[Captioned web image data]
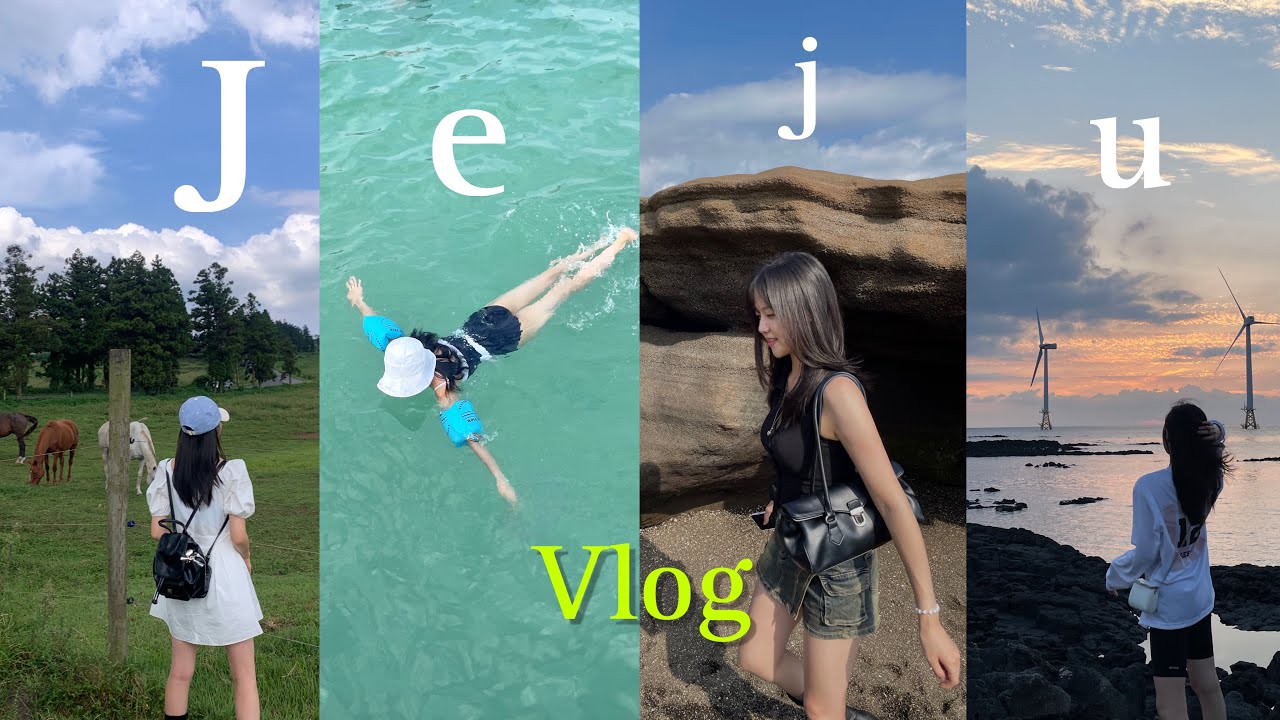 [Jeju vlog] 인생 스팟들로 꽉 채운 2박3일 제주 여행🍊| 제주서쪽감성숙소 | 판포포구수영 | 금오름 & 반딧불이 | 용머리해안 | 소품샵쇼핑 | 바리메오름 | 싱싱잇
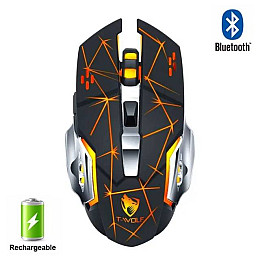 Мышь беспроводная игровая с подсветкой T-Wolf Q13 BT Strip Black Oriiginal 2,4G+Bluetooth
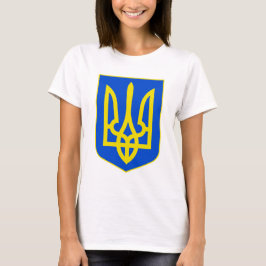 Camiseta Emblema del Estado de Ucrania Tridente Dorado Arte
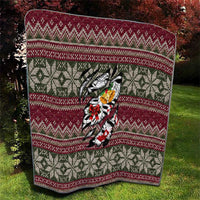 Skeleton Candy Cane Christmas Quilt Xmas Holiday Patterns - Wonder Print Shop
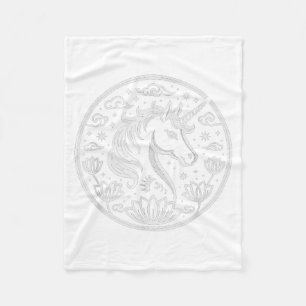 Festive 2026 Unicorn Year Of Horse Lunar Lady Zodi Fleece Blanket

HOW TO COMPLETE THIS TASK: Could you return each line, unchanged, from the line containing "Camiseta Emblema del" through the last line of the entries above, leaving out the pictures?

FINISHED TASK:
 Camiseta Emblema del Estado de Ucrania Tridente Dorado Arte
 Skeleton Candy Cane Christmas Quilt Xmas Holiday Patterns - Wonder Print Shop
 Festive 2026 Unicorn Year Of Horse Lunar Lady Zodi Fleece Blanket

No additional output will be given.